WORK REQUIRED: The records below must be transcribed exactly. Do not include the pictures.

Items from a data source:
[Start of section]
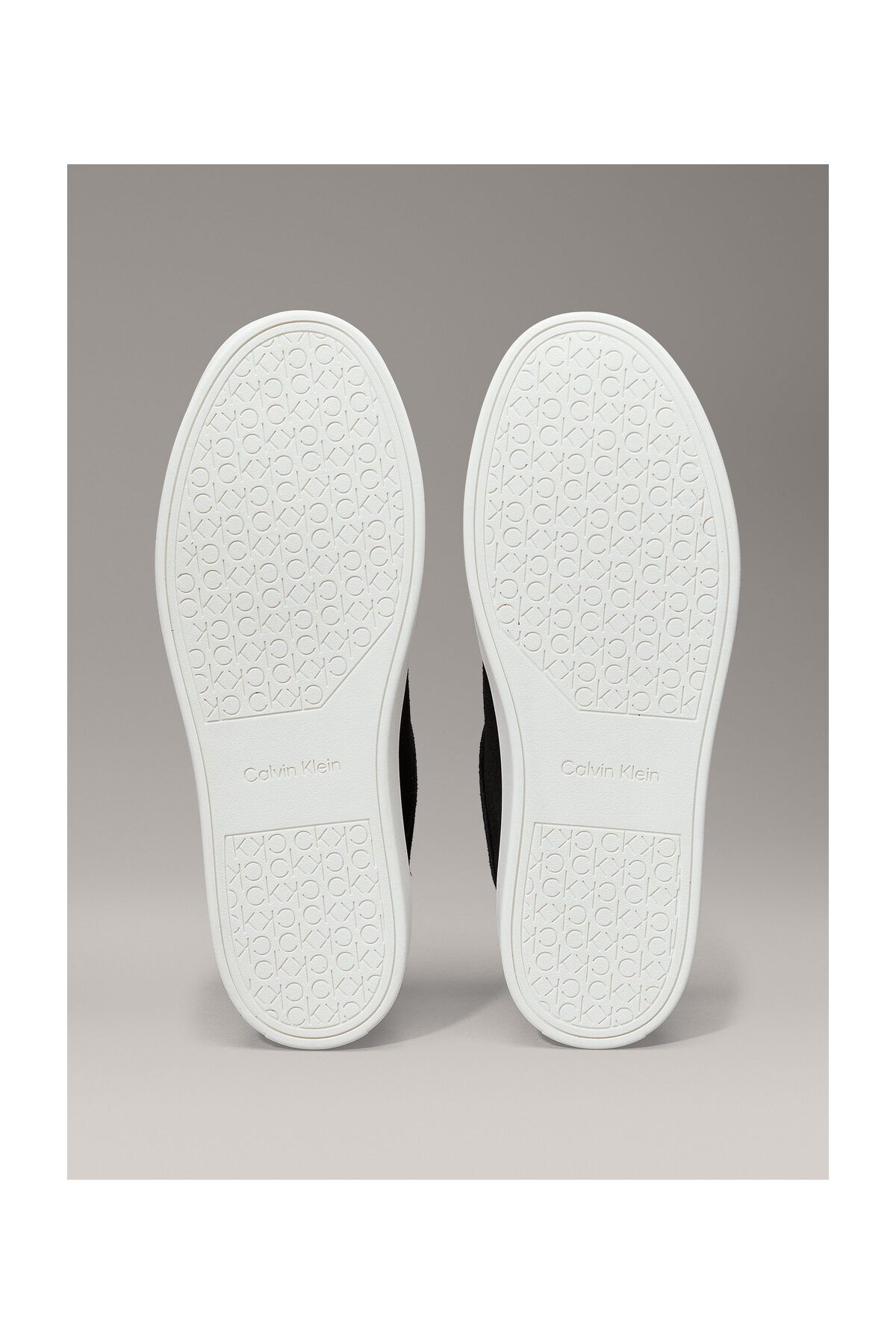 Calvin Klein-Schnürschuhe aus Wildleder mit Spitze 7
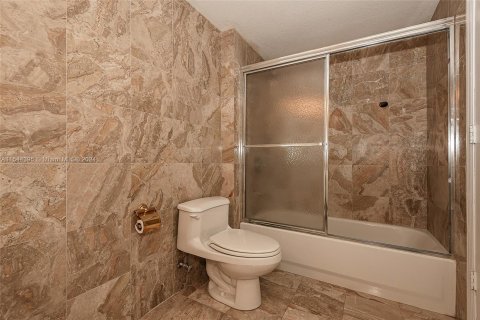Condominio en venta en Sunny Isles Beach, Florida, 2 dormitorios, 135.64 m2 № 1162438 - foto 22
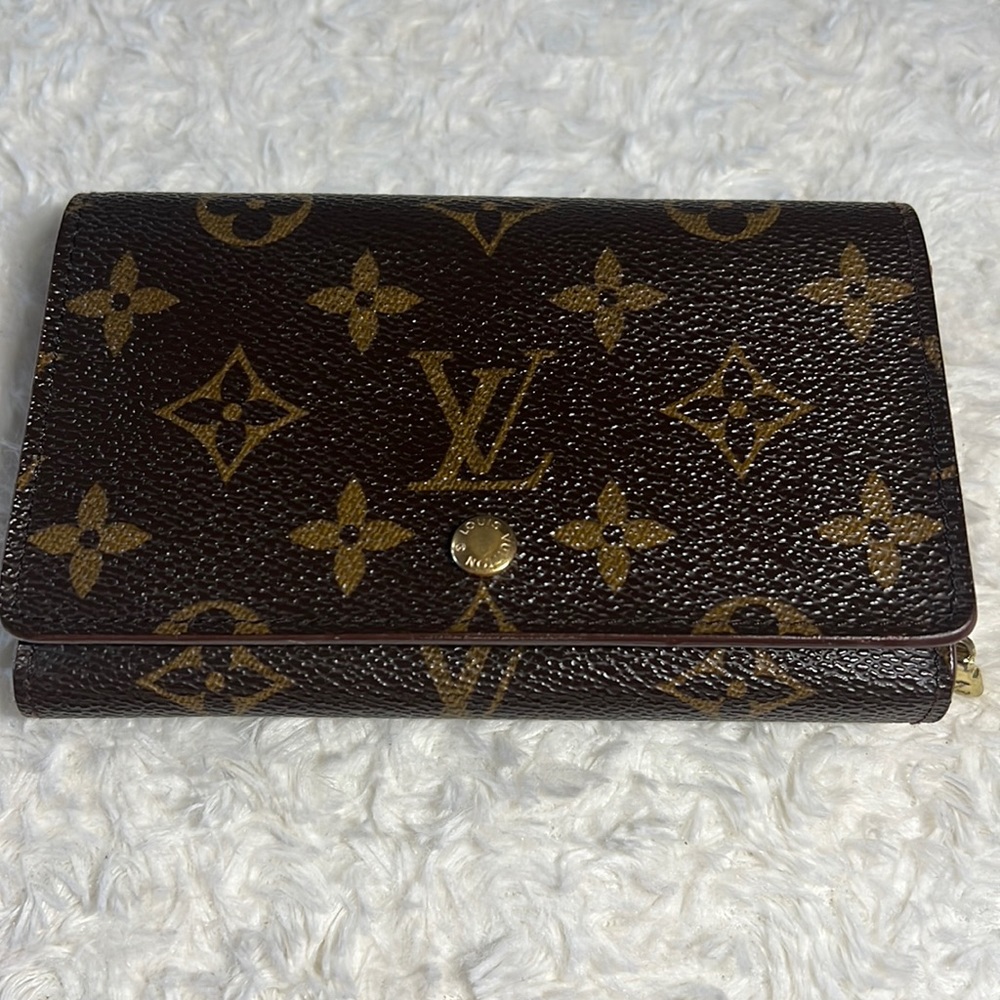 Louis Vuitton Porte Monnaie Tresor Wallet Monogram Canvas
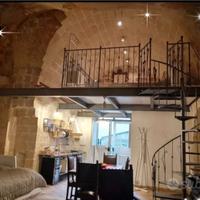 Casa grotta tipica dei sassi di Matera in centro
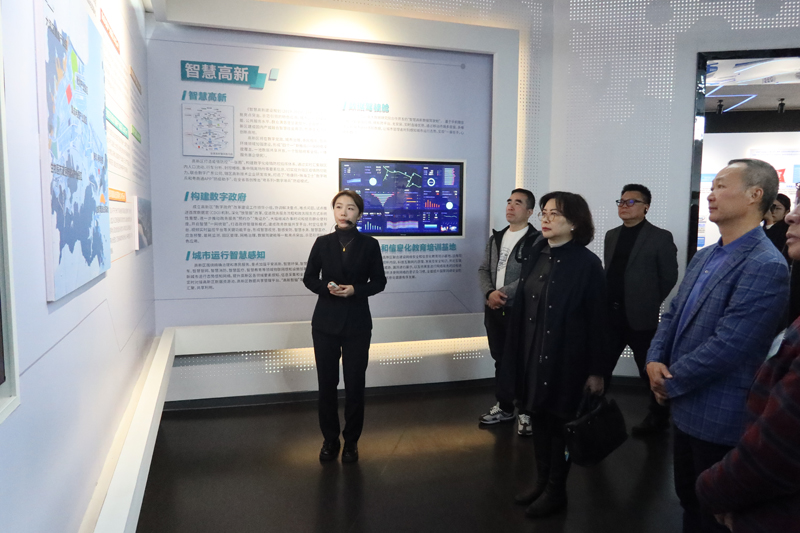 苏紫贤副主任（右三）听取投资项目介绍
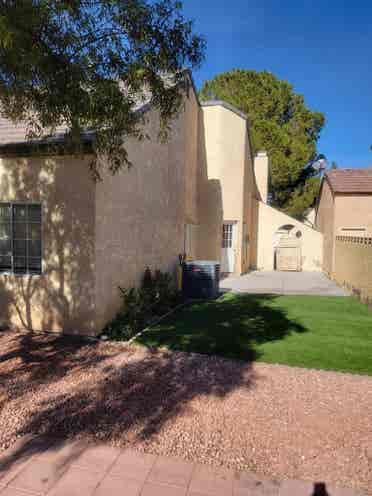 Beautiful home in nice neighborhood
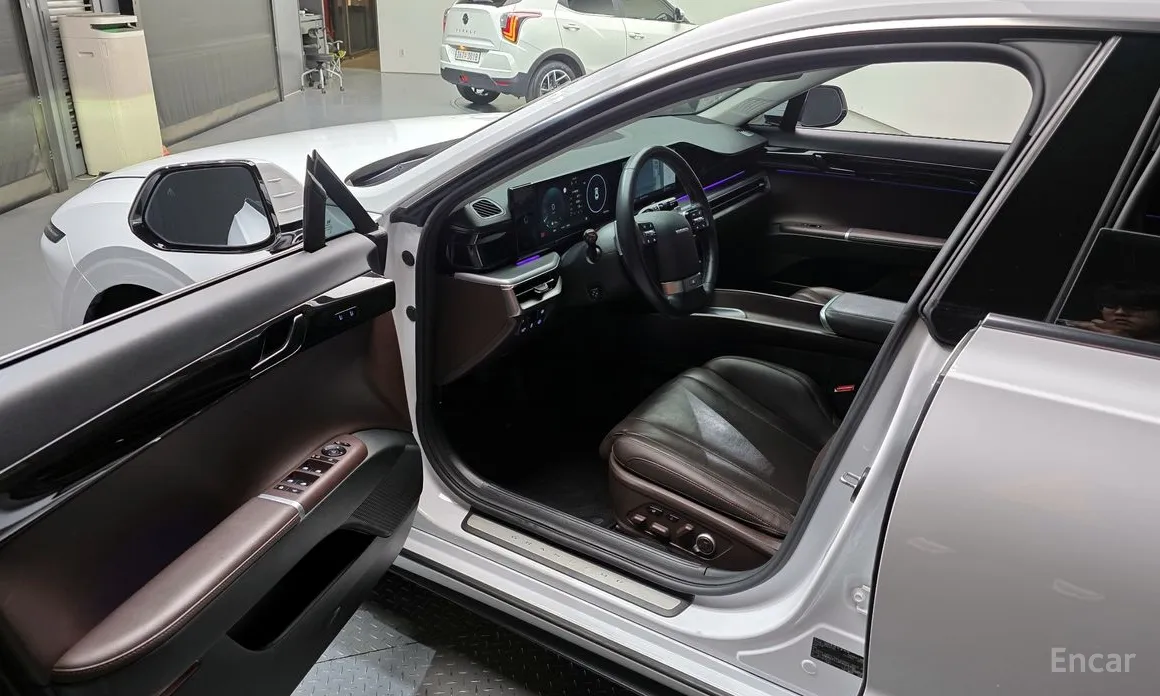 Фото 10 - Hyundai Grandeur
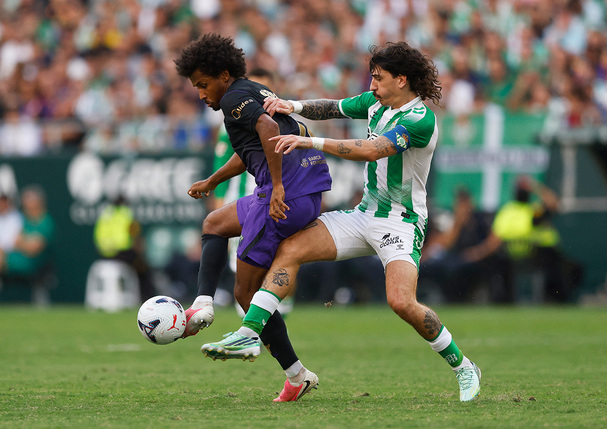 Barcelona y Betis dieron un buen partido. (Foto: Reuters)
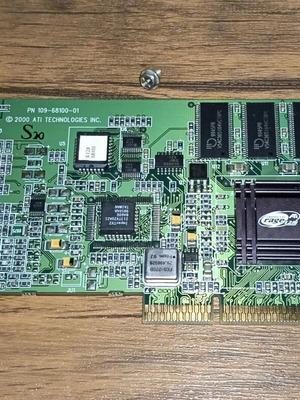 Ati Rage 128 AGP 32MB vintage graphics card used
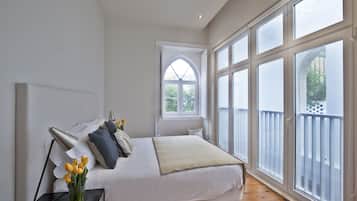 Luxury Apartment, 2 Bedrooms | Desk, soundproofing, iron/ironing board, free cribs/infant beds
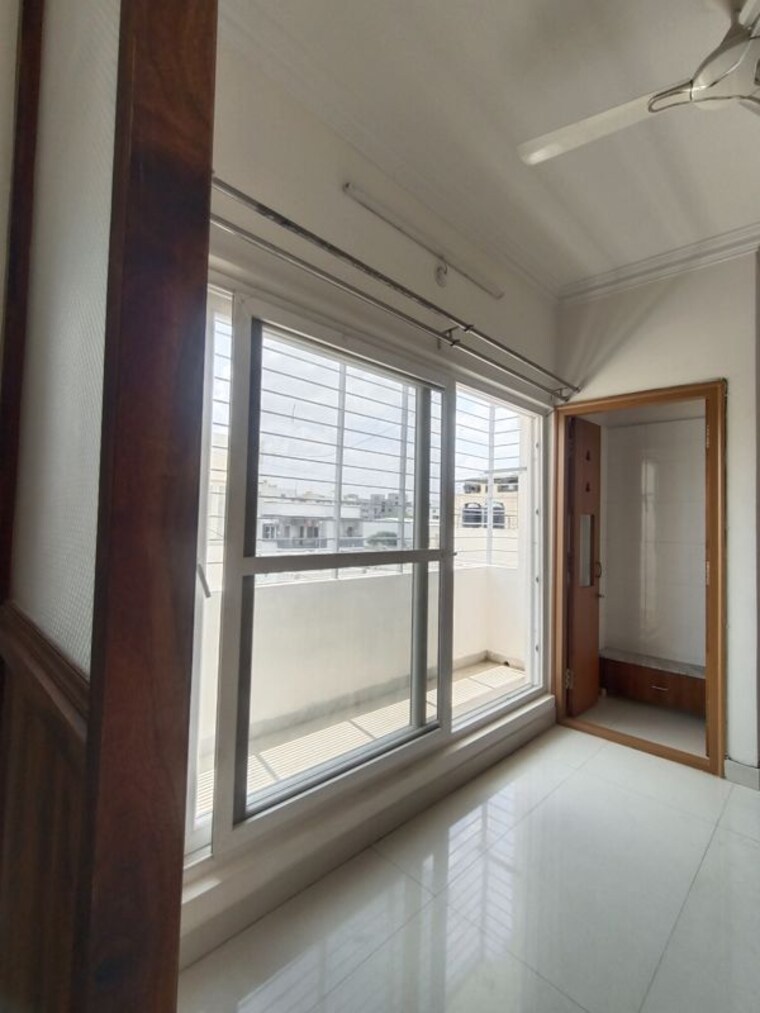 Room, hal layout 3 Bedroom 2100 Sq.Ft. Builder Floor In Hal Layout Bangalore 10479985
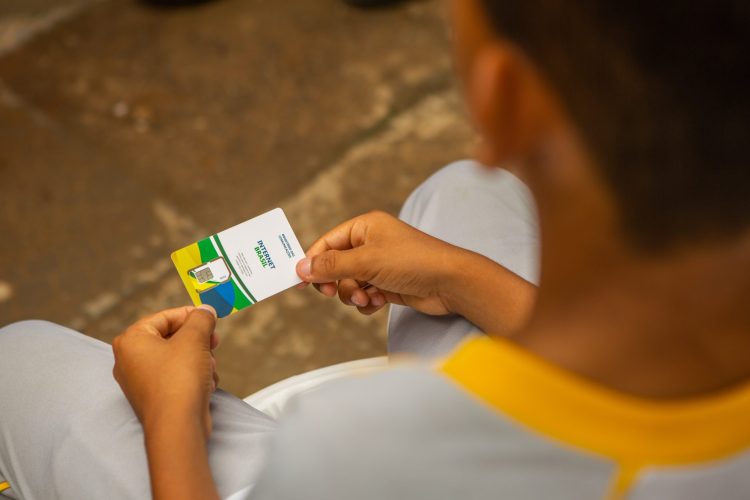 ADEUS pagar plano de operadora! Governo distribui chip com internet de graça para lista de brasileiros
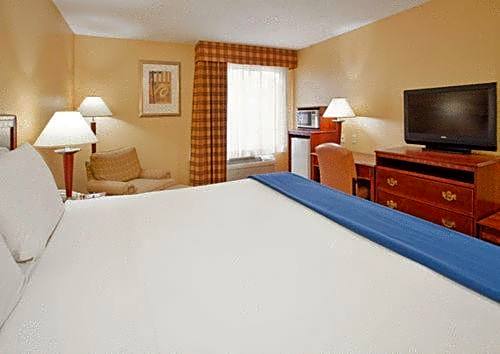 Holiday Inn Express Hotel And Suites Fenton-I-44 By IHG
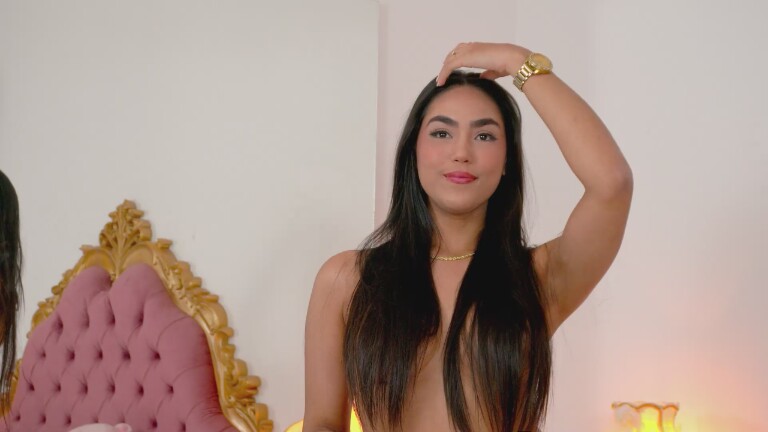 NinnaCrawford's Streamate show and profile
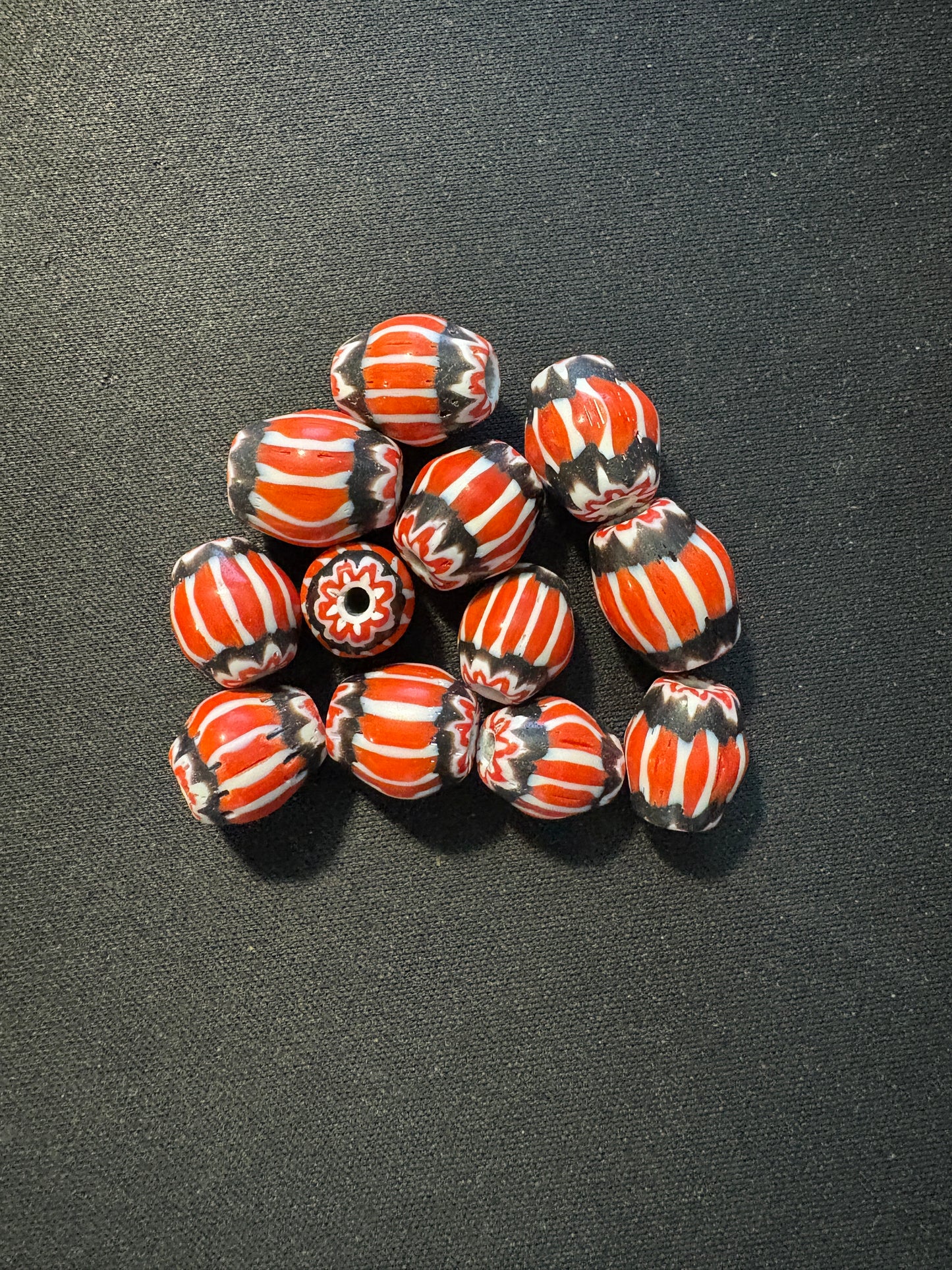 12 Red Chevrons striped glass beads - 10-15mm Fancy (S182)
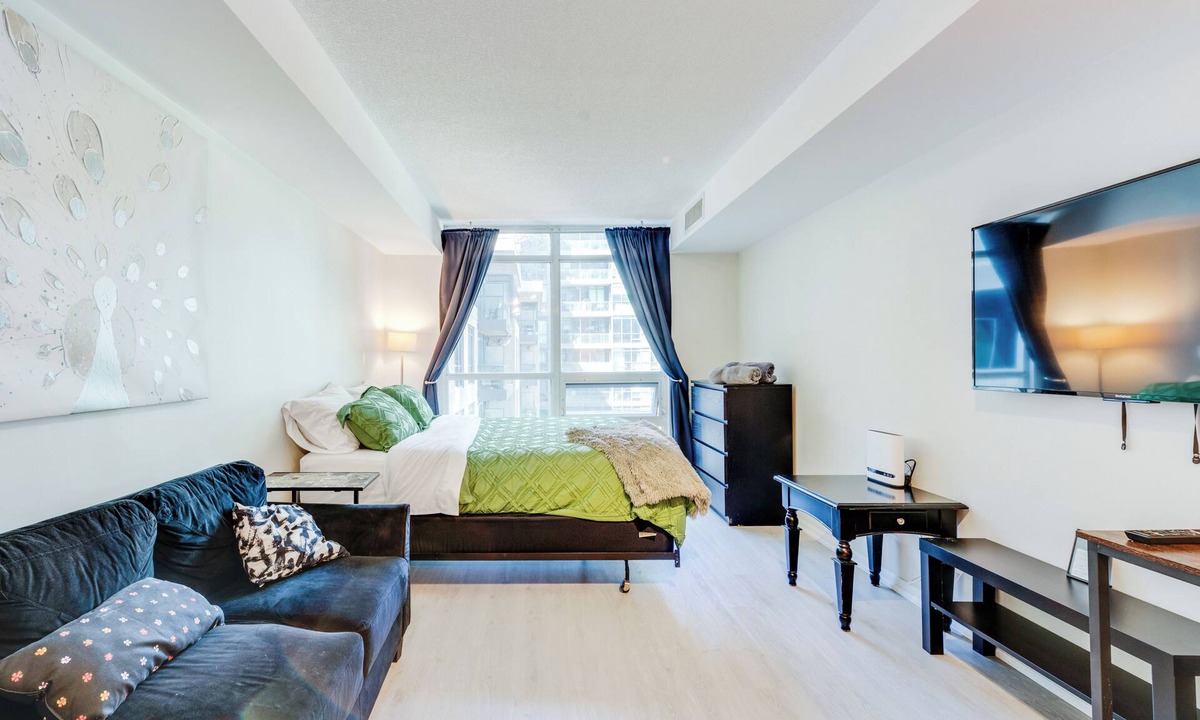 Niagara Apartment | Downtown Toronto Studio Suite by the Water & MAJOR INTERNATIONAL SPORTING EVENT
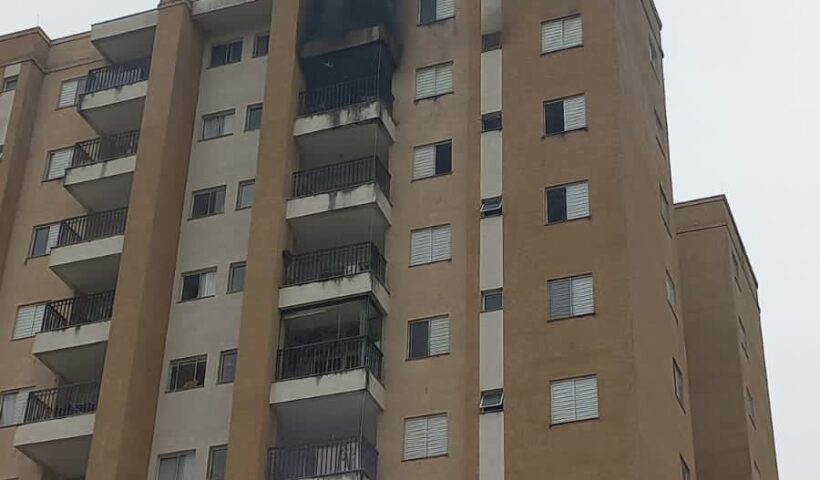 homem coloca fogo no próprio apartamento em sjc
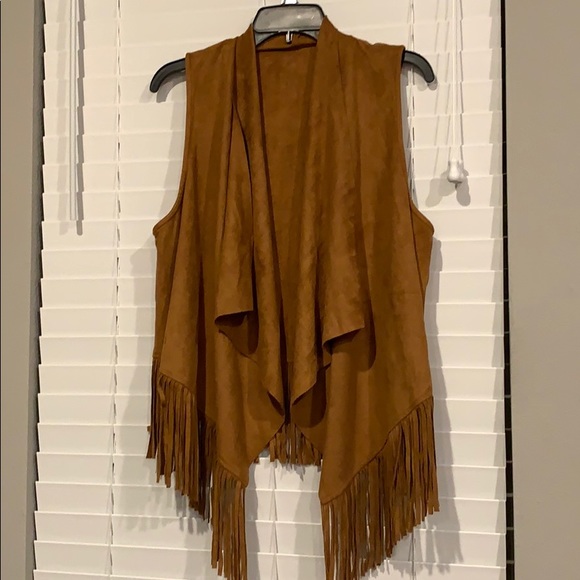 Fringe Vest - Picture 2 of 6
[End of section]
ANSWER TO THIS TASK:
 Calvin Klein-Schnürschuhe aus Wildleder mit Spitze 7
Condominio en venta en Sunny Isles Beach, Florida, 2 dormitorios, 135.64 m2 № 1162438 - foto 22
 Louis Vuitton Porte Monnaie Tresor Wallet Monogram Canvas
 Casa grotta tipica dei sassi di Matera in centro
 苏紫贤副主任（右三）听取投资项目介绍
 Beautiful home in nice neighborhood
 Фото 10 - Hyundai Grandeur
 Barcelona y Betis dieron un buen partido. (Foto: Reuters)
 Ati Rage 128 AGP 32MB vintage graphics card used
 Luxury Apartment, 2 Bedrooms | Desk, soundproofing, iron/ironing board, free cribs/infant beds
 Room, hal layout 3 Bedroom 2100 Sq.Ft. Builder Floor In Hal Layout Bangalore 10479985
 ADEUS pagar plano de operadora! Governo distribui chip com internet de graça para lista de brasileiros
 Holiday Inn Express Hotel And Suites Fenton-I-44 By IHG
 NinnaCrawford's Streamate show and profile
 12 Red Chevrons striped glass beads - 10-15mm Fancy (S182)
 Niagara Apartment | Downtown Toronto Studio Suite by the Water & MAJOR INTERNATIONAL SPORTING EVENT
 homem coloca fogo no próprio apartamento em sjc
 Fringe Vest - Picture 2 of 6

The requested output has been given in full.